184 La volontà di distruggere le donne che si sono ribellate alla violenza subita lasciando il partner violento, passa anche attraverso minacce di morte.

“Ha iniziato a minacciarmi, che bruciava la casa con me e la bimba dentro” (Giada).

“Poi ho iniziato, perché ho dovuto, a registrare le telefonate, con minacce di morte registrate…io so tantissime cose, non sempre lavorava troppo rispettando la legge e quindi so tantissime cose. Quando mi ha detto una cosa sulla fiducia gli ho detto “tu parli a me di fiducia che so tutto”, gli ho fatto un elenco e mi ha detto “bene, tu fai questo e io pago uno, domani esci e ti trovi sotto una macchina, tanto con questi –ha tirato fuori i soldi- sai che io posso tutto” (Lena).

Anche le assistenti sociali possono subire violenze in questi contesti. Dalle loro interviste emerge infatti la frequenza delle minacce di morte rivolte loro dagli uomini violenti, qualora agiscano in modo diverso dalle aspettative paterne, ad esempio sospendendo le visite padre-figlio/a: 9 operatrici su 15 hanno riportato esperienze in tal senso. Ne riportiamo qui alcune.

“Io, nella mia carriera, finora minacce di morte ne ho ricevute relativamente poche, ma quelle poche ti fanno male! sono estremamente pesanti da gestire!... penso di averle radicate nel DNA ormai! Allora, una volta mi si è presentato un papà con una pallottola, me l’ha mostrata, e mi ha detto “Adesso devo valutare, se è per me o per lei!” Eh, se mi son fatta le ossa… ed io non so, non lo so come ho fatto, non lo so che cosa mi sia venuto fuori, dico “beh, ragioni in fretta perché io ho un altro appuntamento. Appena ha deciso mi faccia sapere!” …e lui ha deposto le armi. Io sono entrata nel mio ufficio, mi penso de esser stata un quarto d’ora in… cioè…purtroppo il quotidiano lavorativo non ti consente molti spazi per elaborare queste cose” (AS1).

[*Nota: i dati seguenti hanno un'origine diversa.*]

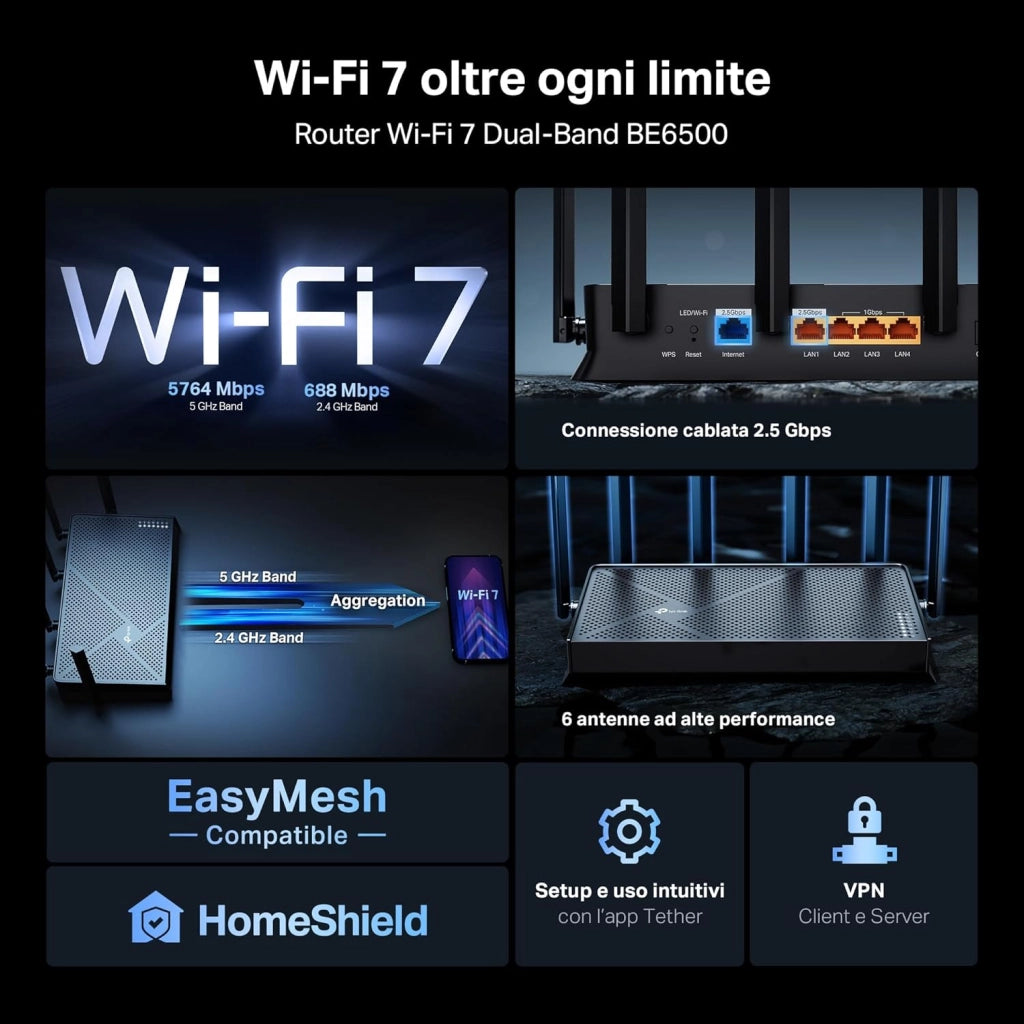 TP-Link Archer BE400 Router Wi-Fi 7 Dual-Band BE6500Mbps, 2.5G WAN, 2.5G LAN, 3 Porte 1G LAN, 4K-QAM, MLO, MU-MIMO, Beamforming, 6 Antenne Esterne, Home Shield, IoT, Compatible con EasyMesh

“Oh Dio, minacce qui in ufficio ne ho avute tante (…) una volta un padre ad esempio mi ha detto “qua finisce male! Se mi portano via i figli, finisce male! e so che me la prendo con lei!”, oppure

185 persone che magari, il colloquio non era più, diciamo, proseguibile, ho chiesto magari di terminare e di sospendere e mi hanno tipo quasi sequestrata dentro l’ufficio mio!!!” (AS14).

Dalle citazioni emerge un senso di solitudine nell’affrontare queste minacce che, pur frequenti, vengono tollerate e, sembra, quasi “normalizzate”. È legittimo domandarsi se questa tolleranza delle operatrici agli agiti violenti da parte degli uomini violenti impatti sulle valutazioni di quanto le loro utenti possano reggere o su quanto debbano o meno subire.